Farm Price Supports

October 27, 1953

Report Outline
Price Supports And Agricultural Surpluses
Evolution of Federal Price-Support Policy
Proposed Remedies for Current Farm Ills
Special Focus

Price Supports And Agricultural Surpluses

Place of Supports in Eisenhower Program

The most formidable task immediately confronting the Eisenhower administration in the field of domestic policy is preparation before Congress meets in January of a new farm program that will be acceptable both politically and economically, that will hold the support of pivotal agricultural areas for the party in power without unduly obstructing administration efforts to balance the federal budget before the 1956 presidential election.
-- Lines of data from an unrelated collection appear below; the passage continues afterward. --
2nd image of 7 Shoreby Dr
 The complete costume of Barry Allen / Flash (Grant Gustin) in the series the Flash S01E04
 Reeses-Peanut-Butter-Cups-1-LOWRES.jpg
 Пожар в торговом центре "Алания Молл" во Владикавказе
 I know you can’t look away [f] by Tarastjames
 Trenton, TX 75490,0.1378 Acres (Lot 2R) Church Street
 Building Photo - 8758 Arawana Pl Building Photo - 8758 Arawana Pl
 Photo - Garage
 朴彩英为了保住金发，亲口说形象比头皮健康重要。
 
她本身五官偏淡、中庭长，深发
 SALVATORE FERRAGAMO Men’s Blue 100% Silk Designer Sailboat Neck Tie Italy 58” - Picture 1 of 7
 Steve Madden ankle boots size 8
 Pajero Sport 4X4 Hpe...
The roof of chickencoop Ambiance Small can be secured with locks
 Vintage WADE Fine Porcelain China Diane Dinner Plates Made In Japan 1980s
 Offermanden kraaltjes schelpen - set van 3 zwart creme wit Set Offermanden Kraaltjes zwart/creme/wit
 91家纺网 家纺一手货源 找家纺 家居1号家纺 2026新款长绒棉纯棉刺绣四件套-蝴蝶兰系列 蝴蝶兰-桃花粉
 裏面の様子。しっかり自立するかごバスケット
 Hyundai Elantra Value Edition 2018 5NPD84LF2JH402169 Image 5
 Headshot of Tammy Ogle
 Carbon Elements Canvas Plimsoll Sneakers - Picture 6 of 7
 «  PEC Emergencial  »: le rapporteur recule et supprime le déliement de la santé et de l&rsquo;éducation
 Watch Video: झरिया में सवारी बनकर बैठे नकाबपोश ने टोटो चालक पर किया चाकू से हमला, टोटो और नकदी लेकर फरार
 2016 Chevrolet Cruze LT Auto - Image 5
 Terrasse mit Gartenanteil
President Eisenhower told the Future Farmers of America, meeting in annual convention at Kansas City Oct. 15, that the goal of his administration is “a solidly based, comprehensive farm program that will remedy present difficulties in the existing laws—a program that will build markets, safeguard farm income, and protect consumers.” At the same time, he reminded his listeners of their wider interests as citizens and said “these wider interests must always be met satisfactorily before specific programs affecting any profession or calling can have validity.”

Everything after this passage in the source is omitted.